For the next few weeks I walked around and read signs aloud to myself. It wasn't pretty, but it was progress. But now I'm faced with a new problem. The Japanese language itself. Because although I can read the Hirigana and Katakana (and a fraction of Kanji), I still have no idea what I'm reading. I'm kind of like a three year old that's figured out the alphabet, but still doesn't know what I'm reading. It usually ends up with me reading this;

and this;

So now I'm stuck. At this point I actually have to started reading those textbooks again, which goes against my incredibly lazy nature, not to mention the little voice that says "It'll just come with time... you don't actually have to TRY to do this."

So that's a gaijin's opinion (that means foreigner). It does get better everyday, but I've learned that I'm not going to get anywhere unless I work at it.

On a completely unrelated note, here are some pictures;

Possibly the most girly drink I've ever seen.

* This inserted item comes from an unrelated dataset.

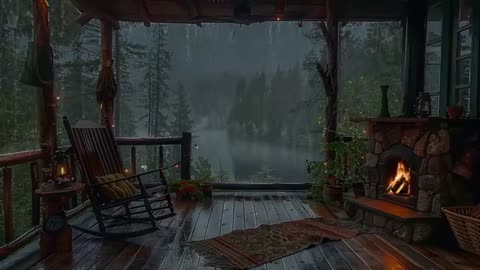 Sitting On The Porch On A Stormy Day: Heavy Rain and Fireplace Sounds To Sleep, Relax, Rest, Study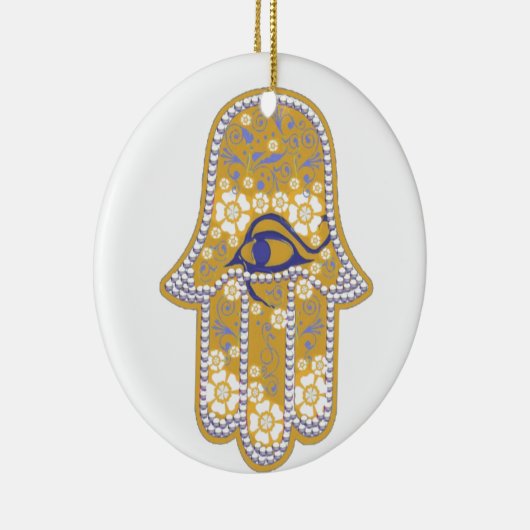 Hand van Fatima hamsa Keramisch Ornament (Rechts)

It's a PINEAPPLE. With a CRAZY STRAW. I took a sip from it and my teeth almost fell out from all the sugar.
Smoked salmon and capers. The first I've seen in Japan. Man, I miss food like this.
Do you and your boyfriend have matching shoes? How about matching hideous yellow crocs? No? Well clearly you're not as cool as these guys.

I took a picture of this because of the letters. Japanese people are notoriously bad at saying "L" "R" and "B". If someone was to actually vocalize this sign it would sound like "LLLLRRRLLLRRLLVVVBBBVVLLLRRRRRRRRRRRRRRRRRR."

The staff at the school went out the other night for dinner. It was pretty great, but it gave me an opportunity to take this picture to add to my growing portfolio of my friend eating phallic and strange objects;

And with that, I bit you good night! Or おやすみ !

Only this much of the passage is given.